Capim dari Internal KPK Curhat Soal Pimpinan yang Birokratis
Berita

Capim dari Internal KPK Curhat Soal Pimpinan yang Birokratis

Pergeseran pada pimpinan KPK terjadi selepas usainya jabatan pimpinan KPK jilid pertama.

CR19
Bacaan 2 Menit
Capim KPK, Sujanarko saat seleksi wawancara di Jakarta. Foto: RES
Capim KPK, Sujanarko saat seleksi wawancara di Jakarta. Foto: RES

Salah satu calon pimpinan (capim) KPK dari unsur internal, Sujanarko mengeluarkan curahan hatinya di depan panitia seleksi (pansel) KPK saat menjalani seleksi wawancara. Sujanarko mengatakan, ada pergeseran yang terjadi pada pimpinan KPK, khususnya selepas usainya jabatan pimpinan KPK jilid pertama.

Hal ini diutarakan Sujanarko saat menanggapi pertanyaan dari salah satu Anggota Pansel KPK, Supra Wimbarti. Menurut Sujanarko, pimpinan KPK jilid pertama begitu rendah hati. “Orang KPK itu harus belajar rendah hati baik internal harusnya juga dilakukan itu.
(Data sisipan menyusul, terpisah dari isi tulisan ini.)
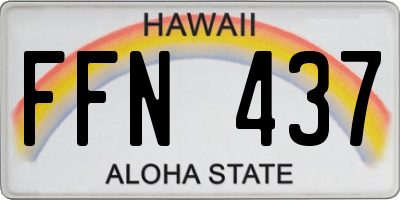 HI license plate FFN437
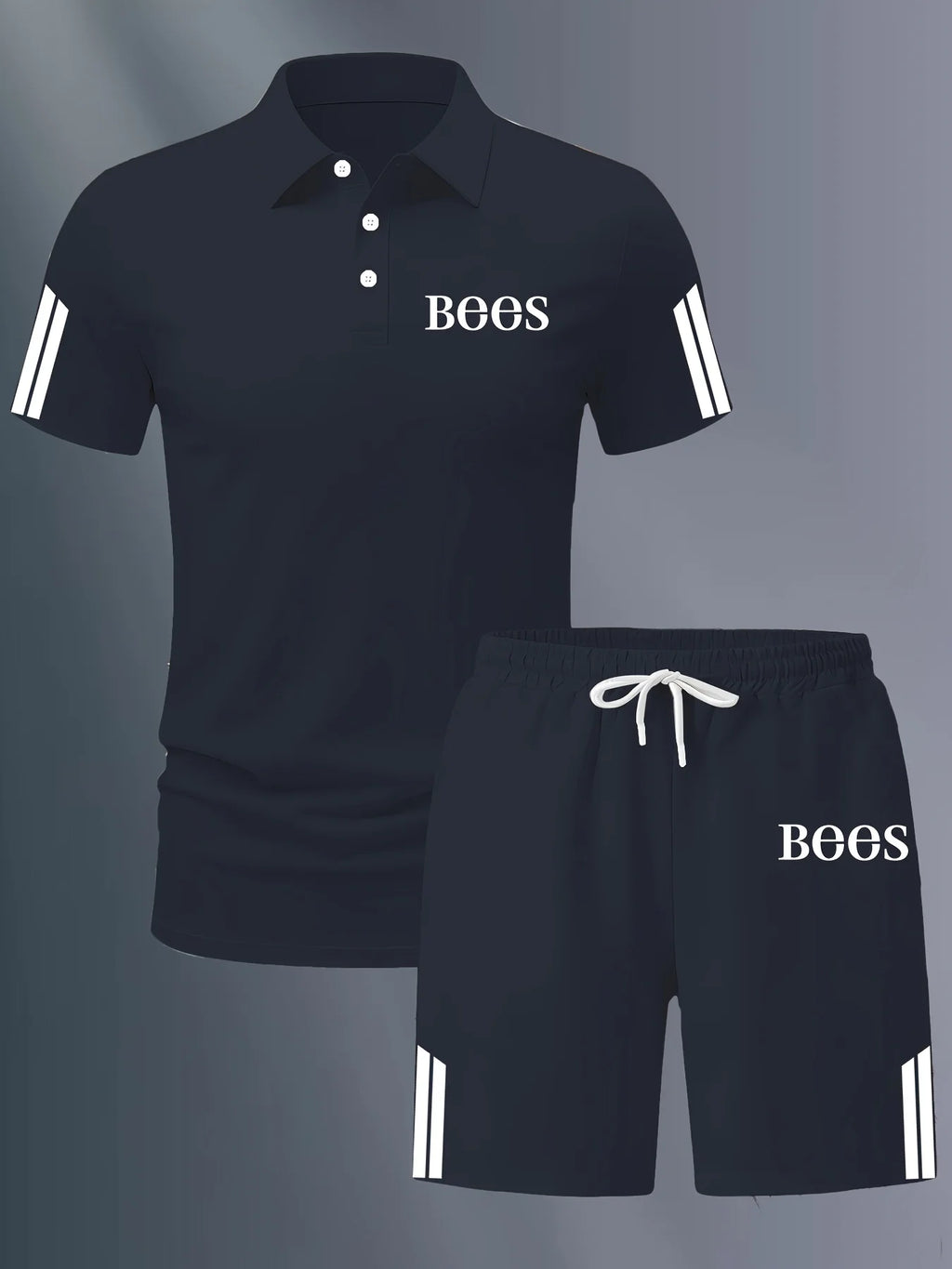 The Latest Casual Striped Polo Shirt and Elastic Waisted Shorts for 2026 Summer Set with Fashionable 3D Printing Printing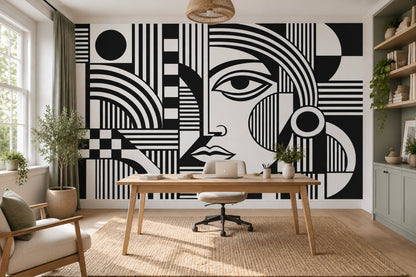 Soyut Yüz Çizimli Poster Duvar Kağıdı Siyah Beyaz Salon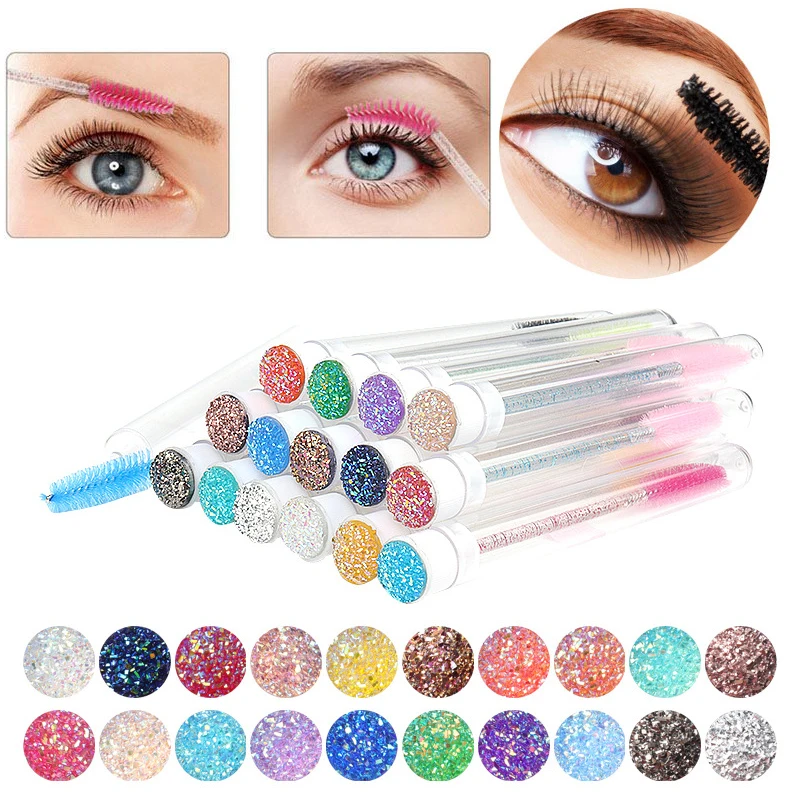 

Disposable Eyebrow brush Diamond Tube Makeup Crystal Handle Eyelash Extension Tool Mascara Wands Sparkling Bling Lash Applicator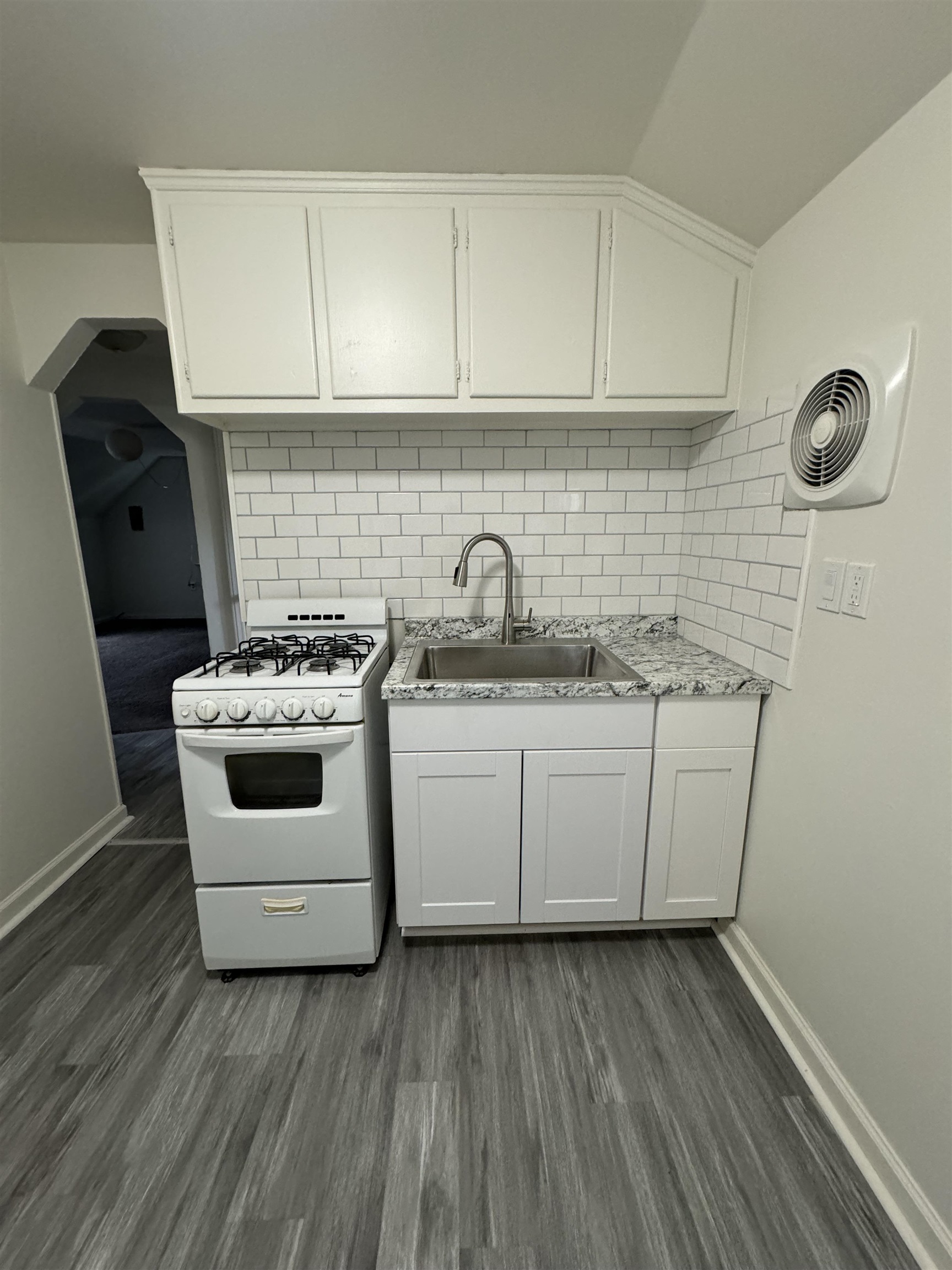 a kitchen with a sink a stove and cabinets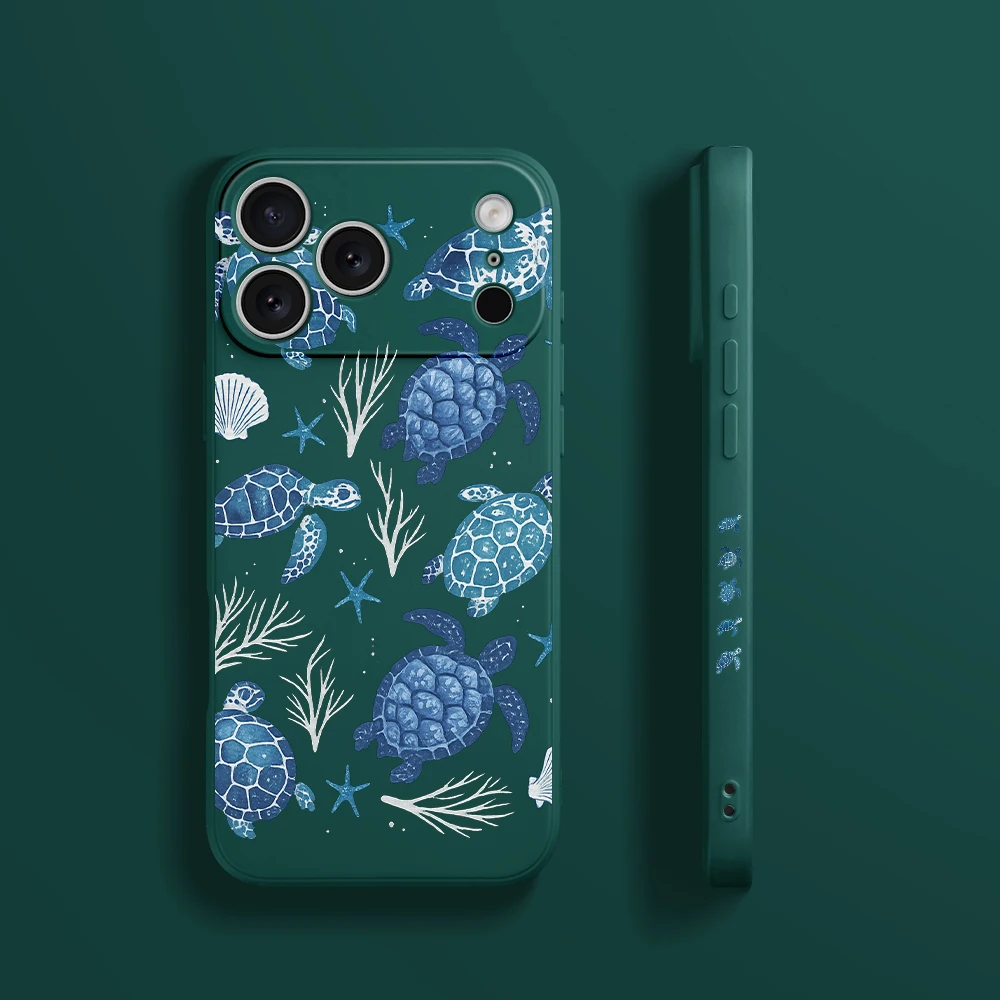 Für iPhone 17 Pro Max 17 Air 16 15 14 13 12 11 Pro Max XS Max7 8 Plus 16e 16 PlusTPU Abdeckung Coque Meeresschildkröte Shell Stil Telefon Fall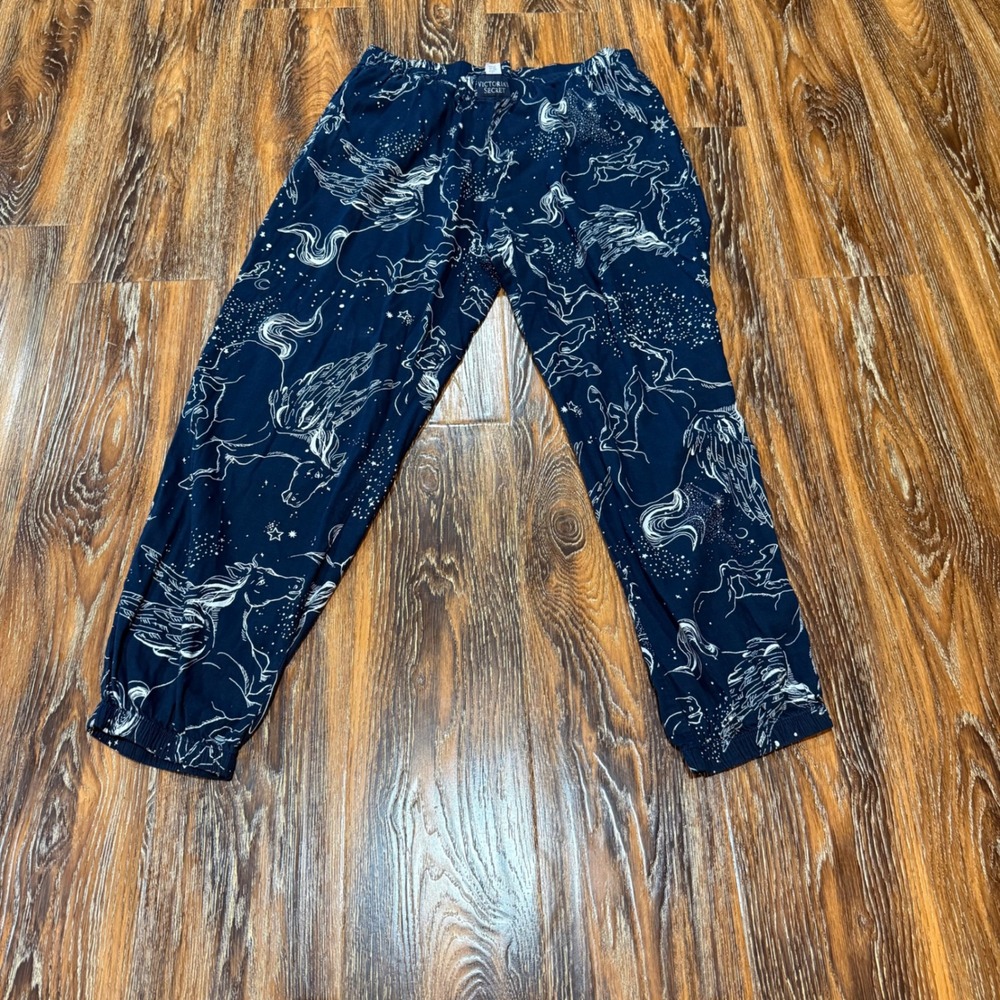 Victoria's Secret Size M Navy Blue Pegasus Celestial Print Jogger Pajama Pants - Picture 2 of 6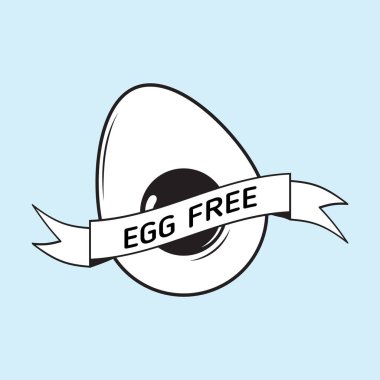Bedava yumurta konsepti. Tavuklu yumurta ve yumurtasız kelimelerin silueti. Alerji müşterileri için iyi. Ürün paketleme tasarımı için vektör işaretleri.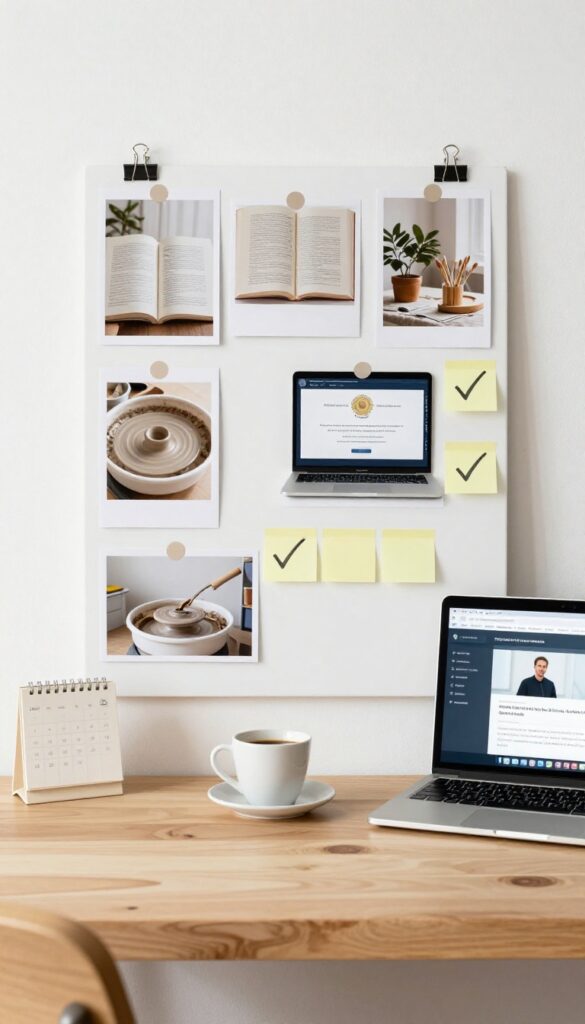 Learning goals board with images of books, online courses, pottery, diploma, and sticky notes on a desk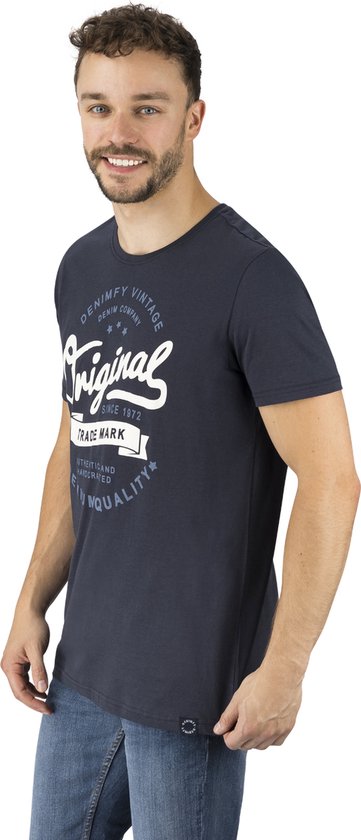 DENIMFY T-Shirt Homme coupe classique Blauw XXL Col Rond Adultes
Pimpinan juga harusnya datang ke bawah tepuk pundak, ngopi bareng, itu yang kurang,” katanya di Gedung Kementerian Sekretariat Negara di Jakarta, Rabu (26/8).

Menurutnya, perubahan yang terjadi selepas pimpinan jilid pertama mengenai prinsip kerja yang paperless. Pada pimpinan jilid pertama, prinsip kerja paperless itu diterapkan, namun di pimpinan berikutnya KPK dijadikan sebuah lembaga yang sangat birokratis. “Semua pakai paper dan itu mulai muncul kendala. Paperless itu bertujuan mempercepat informasi,” katanya.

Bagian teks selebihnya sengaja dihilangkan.